* Task statement
Nothing but the records themselves, exactly as written, should appear in the reply; leave out the pictures.

* Brief descriptive captions

:::

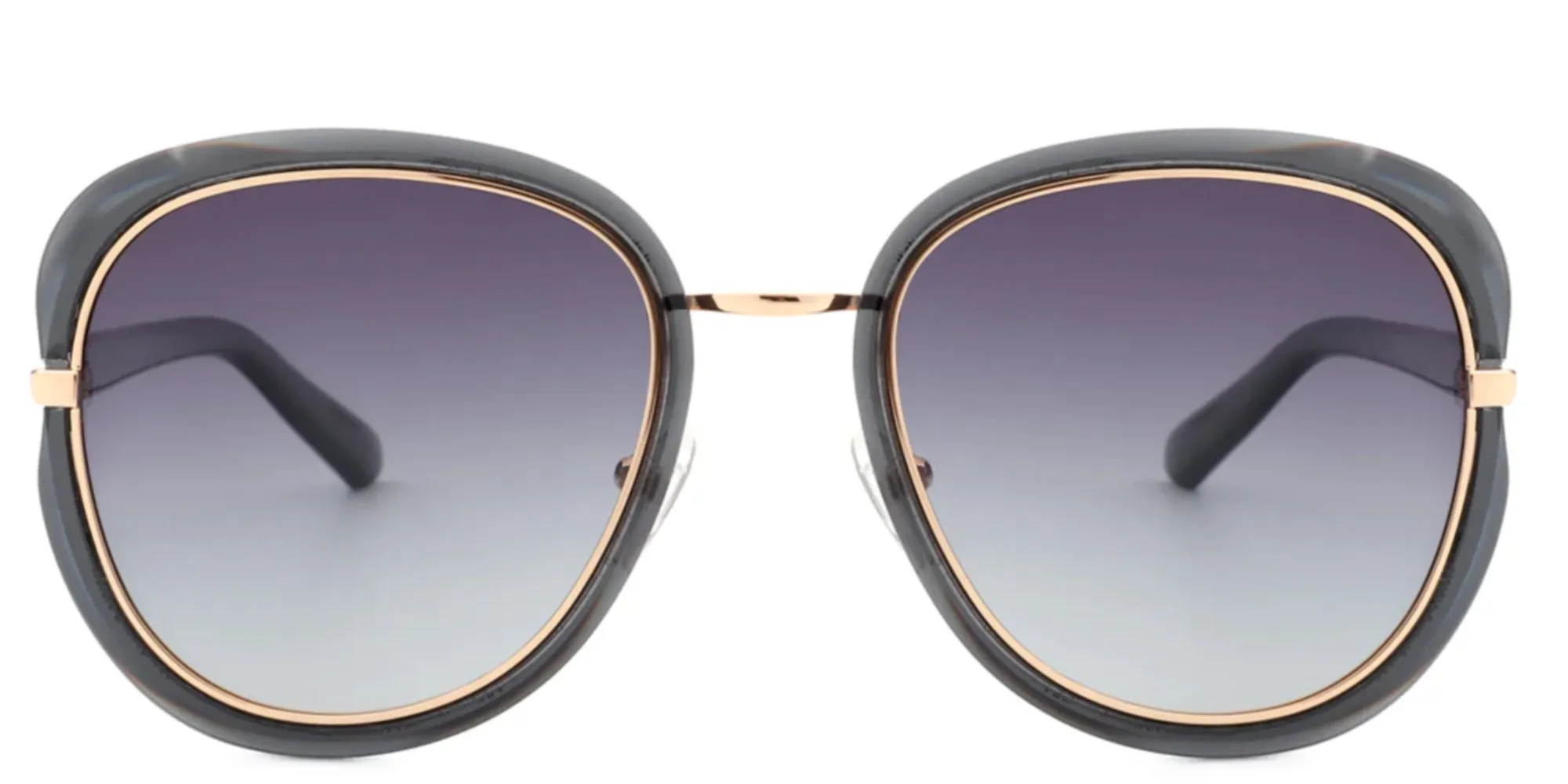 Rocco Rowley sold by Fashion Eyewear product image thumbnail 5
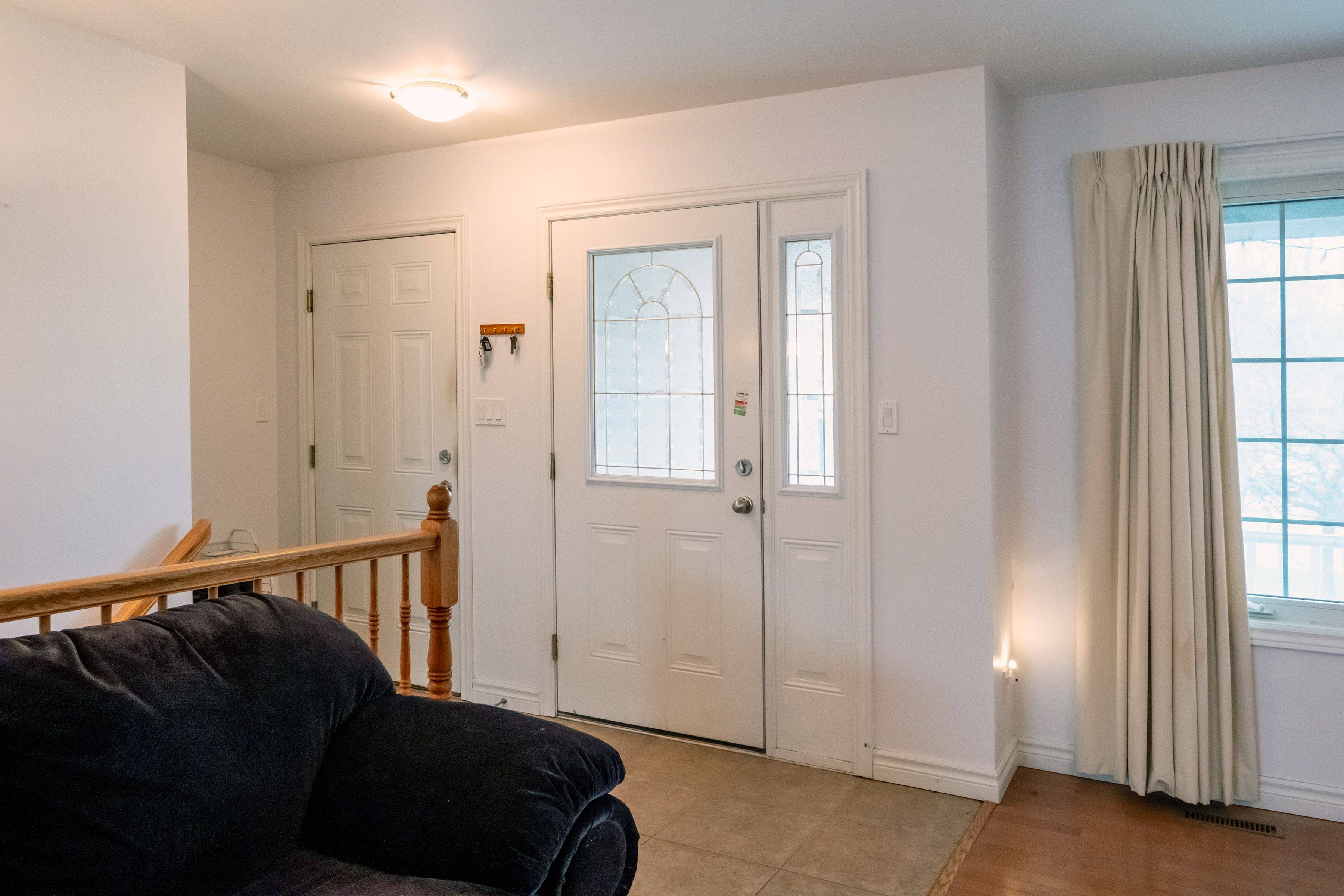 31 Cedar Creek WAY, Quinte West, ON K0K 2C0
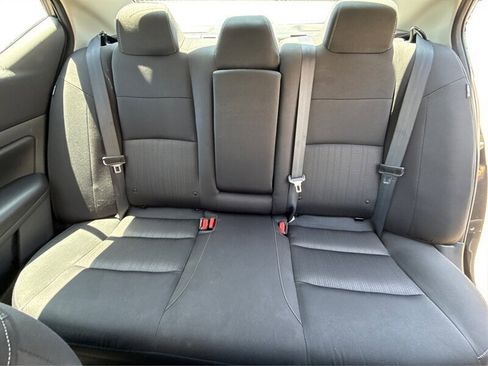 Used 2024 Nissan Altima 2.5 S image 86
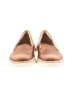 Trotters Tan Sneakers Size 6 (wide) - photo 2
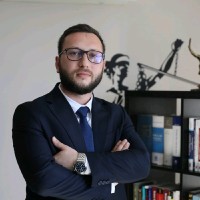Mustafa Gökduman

:::

* Task output
 Rocco Rowley sold by Fashion Eyewear product image thumbnail 5
 31 Cedar Creek WAY, Quinte West, ON K0K 2C0
 Used 2024 Nissan Altima 2.5 S image 86
 Trotters Tan Sneakers Size 6 (wide) - photo 2
Mustafa Gökduman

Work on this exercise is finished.